Lundi 5 juin, dans un square ensoleillé de Pantin, la candidate à la 6e circonscription de la Seine-Saint-Denis organisait une rencontre avec les citoyens d’Aubervilliers et de Pantin. En tout, une petite quinzaine ont fait le déplacement – un rassemblement qui ressemble plus à une réunion décontractée d’association qu’à un meeting politique. Et c’est tant mieux, si l’on en croit les discours des participants, simples curieux ou vrais militants, mais tous déçus des partis traditionnels. « En politique, on a tout un courant de partis où le chef parle et les autres disent amen, comme Mélenchon. Et il y en a d’autres ou il y a une démocratie, une jeunesse », plaide Ludovic, 45 ans.

Ici, tout le monde se tutoie et s’appelle par son prénom, « Madame la députée » également, comme l’interpelle, goguenard, un des participants. « Ça fait drôle », répond-elle en souriant.
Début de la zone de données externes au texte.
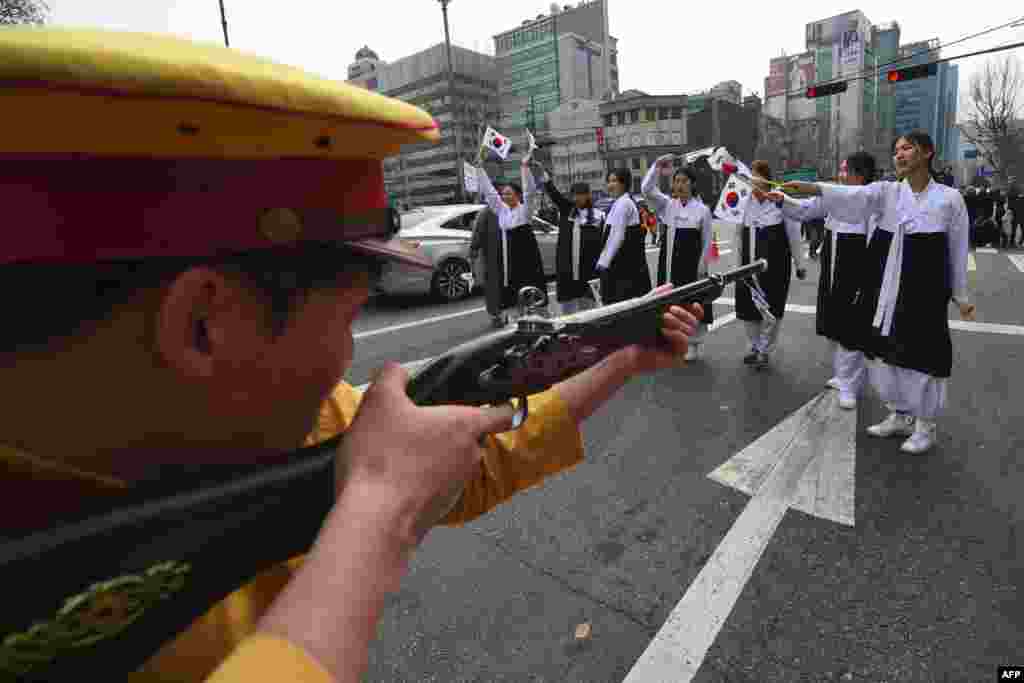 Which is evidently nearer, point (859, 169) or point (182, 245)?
point (182, 245)

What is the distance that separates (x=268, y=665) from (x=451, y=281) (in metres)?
9.39

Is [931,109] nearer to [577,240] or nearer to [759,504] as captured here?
[577,240]

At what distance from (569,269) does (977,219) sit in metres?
15.5

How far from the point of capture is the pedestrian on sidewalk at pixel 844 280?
4445 millimetres

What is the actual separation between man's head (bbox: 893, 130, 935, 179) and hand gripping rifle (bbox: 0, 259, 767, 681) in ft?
13.7

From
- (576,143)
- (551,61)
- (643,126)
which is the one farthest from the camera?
(551,61)

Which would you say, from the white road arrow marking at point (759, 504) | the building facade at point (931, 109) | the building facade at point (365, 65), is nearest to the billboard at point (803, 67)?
the building facade at point (931, 109)

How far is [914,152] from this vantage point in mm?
3674

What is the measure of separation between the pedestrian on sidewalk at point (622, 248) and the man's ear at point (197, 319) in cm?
600

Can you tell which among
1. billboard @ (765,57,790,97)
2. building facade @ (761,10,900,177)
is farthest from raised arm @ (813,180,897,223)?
billboard @ (765,57,790,97)

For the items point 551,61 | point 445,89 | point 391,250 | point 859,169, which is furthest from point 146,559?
point 551,61

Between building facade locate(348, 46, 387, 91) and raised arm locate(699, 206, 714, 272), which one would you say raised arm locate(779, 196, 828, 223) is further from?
building facade locate(348, 46, 387, 91)

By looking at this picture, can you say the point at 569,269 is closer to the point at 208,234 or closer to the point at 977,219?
the point at 208,234

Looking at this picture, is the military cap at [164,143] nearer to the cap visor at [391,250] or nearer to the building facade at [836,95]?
the cap visor at [391,250]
Florie Marie se présente pour la première fois comme députée, après un passé chez Europe Ecologie - Les Verts :

« Ça fait trois ou quatre ans que je suis déçue de ce qui se passe chez eux, ils sont tombés dans les travers des partis traditionnels. J’ai envie de croire que le Parti pirate ne tombera pas dans ce piège-là. »

En découvrant le Parti pirate, elle est, dit-elle, « tombée amoureuse du code des pirates », un court texte en sept points qui énumère les valeurs partagées par les militants. Liberté d’opinion, solidarité et « courage moral » font partie des grands principes. Les pirates « défient les systèmes » et « apprennent de leurs erreurs », nous apprend aussi le « code ». Celui-ci évoque également des thématiques plus précises : la défense de la vie privée contre la surveillance « par l’Etat et l’économie », la promotion de la culture libre et du logiciel libre, l’opposition à la peine de mort et aux « brevets sur les vivants ». Les pirates se disent pacifistes, écolos et « s’appuient sur les ressources qu’offre Internet et par conséquent, pensent et agissent par-delà les frontières ».

Geek revendiquée

Les technologies occupent une place notable dans l’idéologie pirate, depuis ses origines. Le Parti pirate est né en 2006 en Suède, un peu comme une plaisanterie, initiée par le programmeur Rick Falkvinge, agacé que les géants du divertissement et les Etats ne traitent de pirates les promoteurs du partage libre de la culture. A l’époque, la question du piratage des films et de la musique est un énorme enjeu, notamment en Suède, pays de naissance du site The Pirate Bay. De nombreuses internautes pensent alors que le débat est en fait bien plus idéologique que la simple dichotomie « créateurs contre voleurs » souvent présentée par les ayants droit et les autorités.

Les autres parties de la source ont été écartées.